• [TASK INSTRUCTIONS]: Each line from the opening of the records that follow to the line with "Abstract Rugs for" needs to be written out exactly. Add nothing.

• [TASK INPUT]:
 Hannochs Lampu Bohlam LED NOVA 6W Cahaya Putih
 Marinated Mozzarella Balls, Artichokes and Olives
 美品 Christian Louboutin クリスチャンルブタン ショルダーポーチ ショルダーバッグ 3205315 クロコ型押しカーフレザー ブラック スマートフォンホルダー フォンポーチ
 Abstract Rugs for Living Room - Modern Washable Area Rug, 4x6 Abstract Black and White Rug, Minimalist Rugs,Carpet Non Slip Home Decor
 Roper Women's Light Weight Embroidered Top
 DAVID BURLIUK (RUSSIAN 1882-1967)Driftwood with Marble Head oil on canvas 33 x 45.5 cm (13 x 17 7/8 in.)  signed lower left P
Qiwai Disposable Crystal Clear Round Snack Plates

• [RESPONSE TO THE TASK]:
 Hannochs Lampu Bohlam LED NOVA 6W Cahaya Putih
 Marinated Mozzarella Balls, Artichokes and Olives
 美品 Christian Louboutin クリスチャンルブタン ショルダーポーチ ショルダーバッグ 3205315 クロコ型押しカーフレザー ブラック スマートフォンホルダー フォンポーチ
 Abstract Rugs for Living Room - Modern Washable Area Rug, 4x6 Abstract Black and White Rug, Minimalist Rugs,Carpet Non Slip Home Decor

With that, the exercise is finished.